Sin embargo, esta especie de «identidad en tránsito» plantea a Pamuk una serie de dudas existenciales. Si los turcos son verdaderamente turcos cuando no se lo plantean, solo se puede ser feliz justo cuando uno no sabe que lo es. Los días malos, los de mayor abatimiento, pueden regalar frases para el mármol como esta: «La mayor felicidad consiste en que uno pueda quedarse a solas con su inmundicia y su miseria». Es, de alguna forma, el pesimismo contento de Schopenhauer, la gruñería invernal de Strindberg, la disolución en vinazo de Pessoa… Pamuk no teme el apartamiento severo, llegar a acabar una novela —El libro negro— acompañado de la música oscura de la noche estambulina, encerrado en un piso alto de un edificio en Erënkoy: «Ahora me doy cuenta de lo feliz que era entonces cuando a las cuatro de la madrugada podía prestar atención cuanto quisiera al silencio de Estambul (jaurías de perros ladrando a lo lejos, árboles susurrando, coches de policía, camiones de basura, borrachos) y podía acabar mi novela fumando cuanto me apeteciera».

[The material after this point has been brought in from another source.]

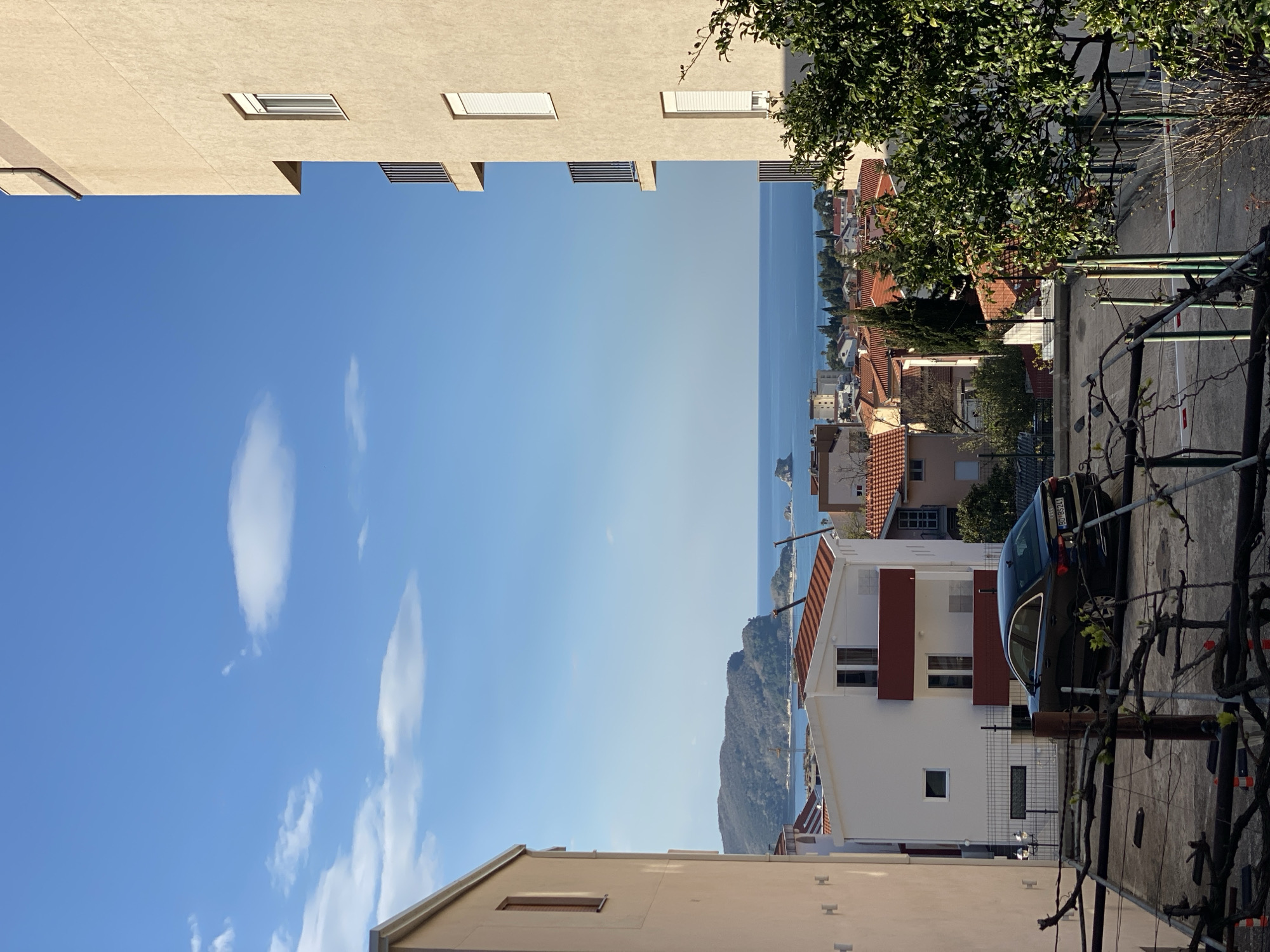 The image shows a street scene in Budva, Montenegro. Buildings line both sides of the frame, creating a narrow perspective toward the sea. The sky is bright blue with scattered white clouds. Closer to the viewer, the scene is slightly obscured by greenery, including a tree and a vine growing on a trellis. On the right side, a dark-colored car is parked next to a white house with red trim. The buildings in the distance are a mix of residential and commercial structures, with red-tiled roofs. The sea stretches out to the horizon, with a small island or rock formation visible in the distance. The light suggests it is daytime, with clear weather.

De nuevo, pues, Estambul. Sus novelas, que siempre aciertan a no querer acertar, a amagar con el misterio en esa lámpara de araña de la identidad, no se entienden sin la ciudad donde el niño creció, se hizo escritor y ganó el Nobel por primera vez para la literatura turca. Por eso, casi de principio a fin, Otros colores va y viene en diferentes temas, en diferentes textos, en diferentes ámbitos, con aquello donde todo principia como raigambre: Estambul. Así, la obsequiosa infancia en Nisantasi. Así, la crianza entre incendios y derribos en la ciudad cuyos bulevares querían imitar a la carrera a los de París. Así, la inquieta juventud en los pasillos de la Escuela Técnica Universitaria con el libro de Dostoieviski en los bolsillos. Así, la común apetencia de los desclasados por las ideas de izquierda pese a su empacho de niño bien, laico y occidentalizado. Así, el juicio en el tribunal de Sisli por injuriar la identidad turca denunciando el genocidio armenio de 1915 por obra de los turcos. Así, finalmente, el Nobel y la traducción caudalosa de su obra a más de cuarenta lenguas.

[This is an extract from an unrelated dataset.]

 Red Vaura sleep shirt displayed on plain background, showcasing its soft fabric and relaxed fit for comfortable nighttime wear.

Al cabo, quizás el zumbido de Estambul del que habla Pamuk no sea otra cosa que la fonoteca de su memoria. Otros colores tiene mucho de reencuentro y sonoridad con ese casete que sonaba entonces en el libro de sus recuerdos. Las rejas abriendo y cerrando los colmados. El sordo aleteo de las gaviotas bajando de los Balcanes al Bósforo para pasar los inviernos. Los silbatos de los guardias urbanos. Los altavoces de las mezquitas. Pero, sobre todo, «desde hace sesenta años el mismo sonido metálico de la pasarela de madera con ruedas de hierro siendo arrastrada al vapor que se acerca».